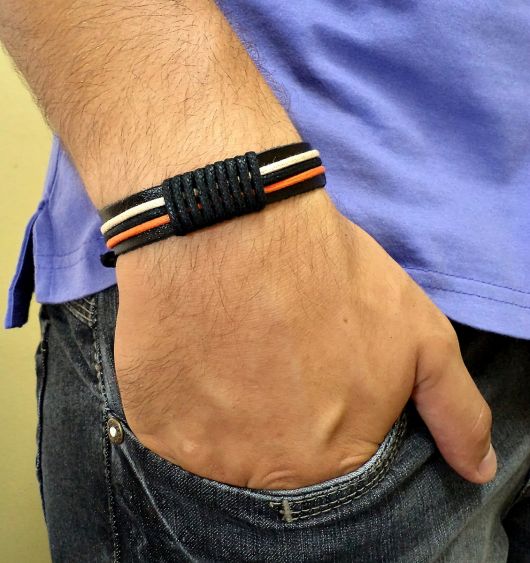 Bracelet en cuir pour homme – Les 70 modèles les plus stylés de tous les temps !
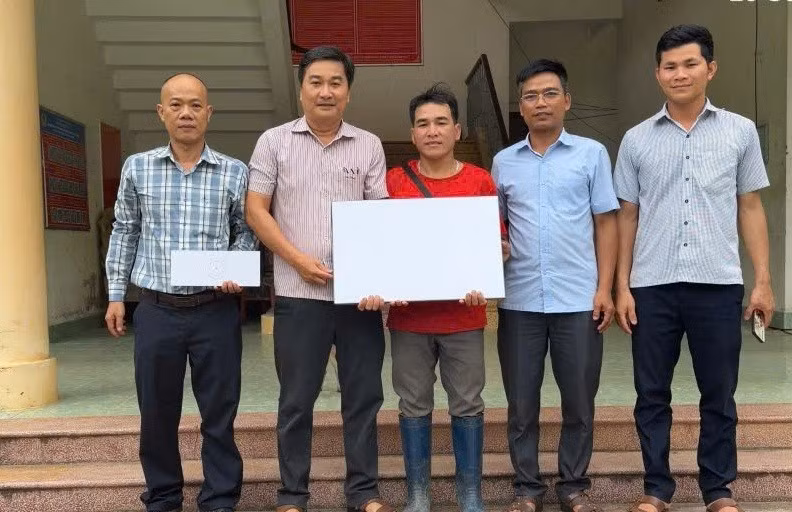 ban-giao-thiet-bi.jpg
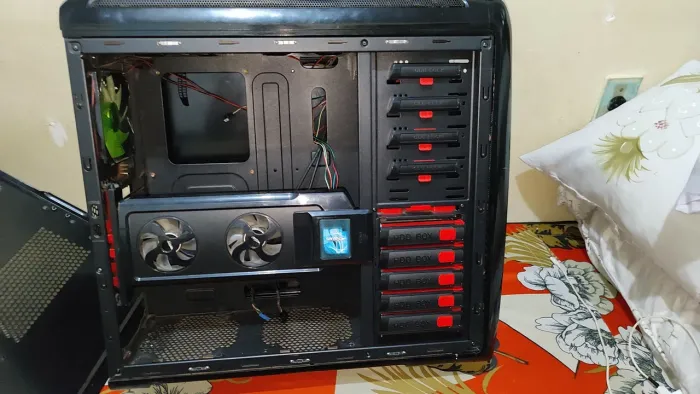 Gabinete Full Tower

==

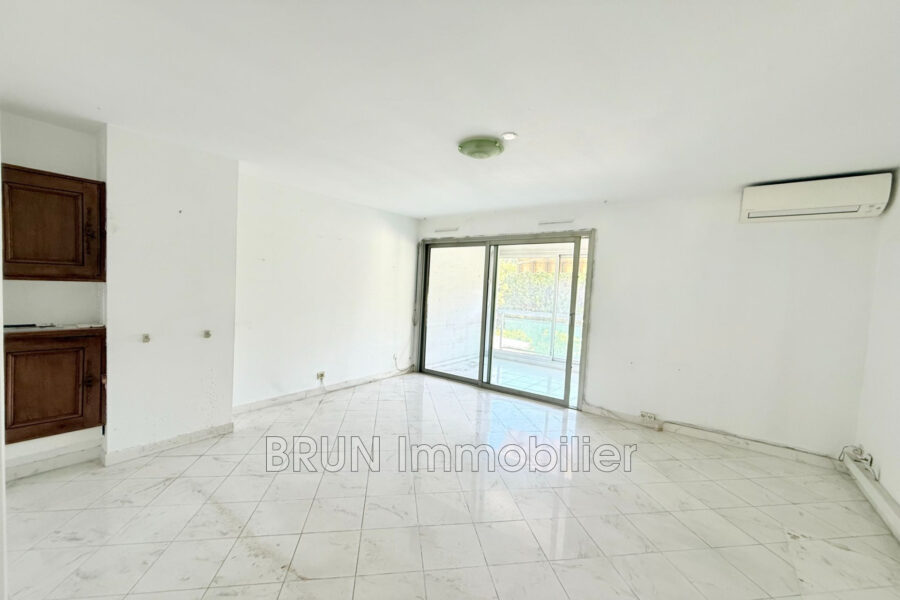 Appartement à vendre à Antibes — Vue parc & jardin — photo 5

_Problem requirements:_ What you return from the records above should be exactly everything from the line with "Bracelet en cuir" down to the line with "Gabinete Full Tower", both kept, and no pictures.

_Output:_
 Bracelet en cuir pour homme – Les 70 modèles les plus stylés de tous les temps !
 ban-giao-thiet-bi.jpg
 Gabinete Full Tower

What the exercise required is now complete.